Fraser’s challenging approach to art is rooted in critical and feminist theory and the legacy of the first generation of artists engaged in feminism and institutional critique. She asks us “what we want from art,” and herself “What do I, as an artist, provide? What do I satisfy?” Through more than three decades she has analyzed the motivations of different stakeholders in the cultural scene as well as their interrelationships. In her artistic practice, she makes herself available both as a protagonist and as a platform for her sociocultural analyses, taking on different roles in the process. Her performances blend humor and pathos with theatrical craft and sophisticated critical analysis. 

Organized by Sabine Breitwieser, the museum director, and Tina Teufel, curator, the exhibition presents some 50 works in various media: prints, photographs, installations, performances, text-based works, and videos.

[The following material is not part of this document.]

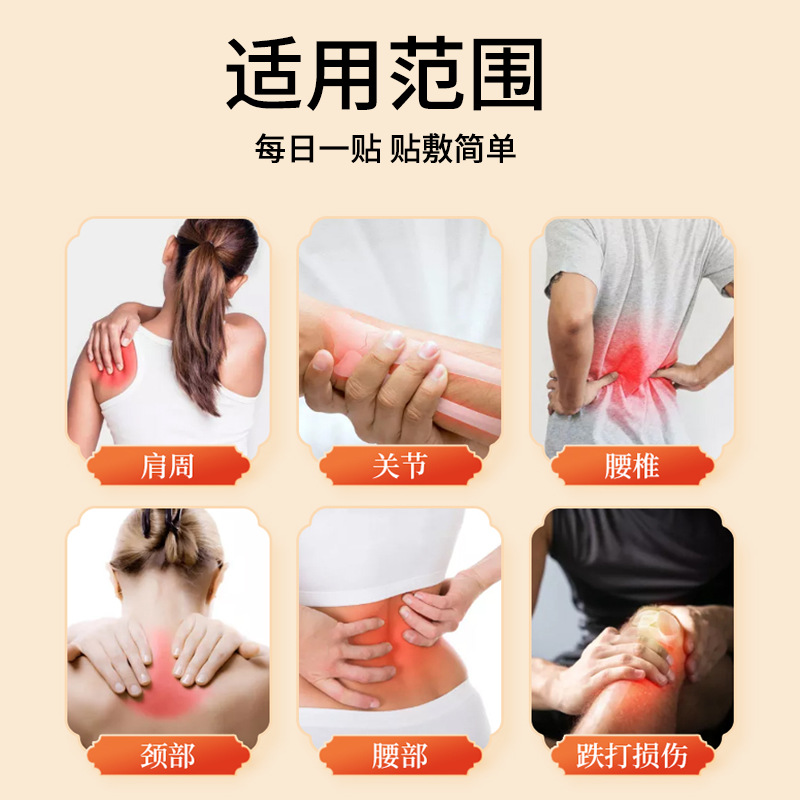 Far Infrared Neck, Shoulder, Waist and Leg Magnetic Therapy Patch, Muscle Injury Patch, Lumbar Disc Muscle Pain Magnetic Therapy Patch, Oem Customization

It ranges from Four Posters (1984) through celebrated performances such as Museum Highlights (1989), Inaugural Speech (1997), and Official Welcome (2001/2003), to recent works such as Men on the Line (2012). The exhibition will also feature the European premiere of the performance Not Just a Few of Us (2014), presented on video. Her seminal work May I Help You? will be on display in the three versions completed in 1991, 2005, and 2011.

In conjunction with the exhibition, various educational institutions from Austria and Germany are holding a series of seminars and workshops on different topics based on the artist’s work. 

Click here for further information.

Salzburg Unbuilt
March 28–July 12
This spring Museum der Moderne Salzburg will offer a completely new perspective of Salzburg in an exhibition devoted for the first time to rejected ideas, failed concepts, and utopian plans for this city. Over the centuries, many outstanding architects have helped to shape the city’s unique character. But their plans were not always put into practice. In collaboration with the Initiative Architektur, guest curator Roman Höllbacher has investigated the myriad studies and competition entries and selected some 30 projects for this exhibition. 

Visitors are confronted by the fascinating but also oppressive question of what the city would have looked like if, for example, Vicenzo Scamozzi’s design from 1606 for the cathedral had been built instead of the much smaller version (1614–1628) by Santino Solari. How would the Salzburg Festival have turned out if Hans Poelzig’s mystic vision in 1920 for a festival hall in the grounds of Hellbrunn Palace had been adopted? The exhibition also looks at conflicting concepts and architectural ideas in relation to the museum and its special location at the Mönchsberg, such as Álvaro Siza’s plan for the reconstruction of Casino Winkler (1986), Delugan_Meissl’s panorama elevator (2003) on the cliffs, and Hans Hollein’s epochal Guggenheim Museum (from 1989) built inside the rocks. In this way, the exhibition also tells the story of Museum der Moderne Salzburg.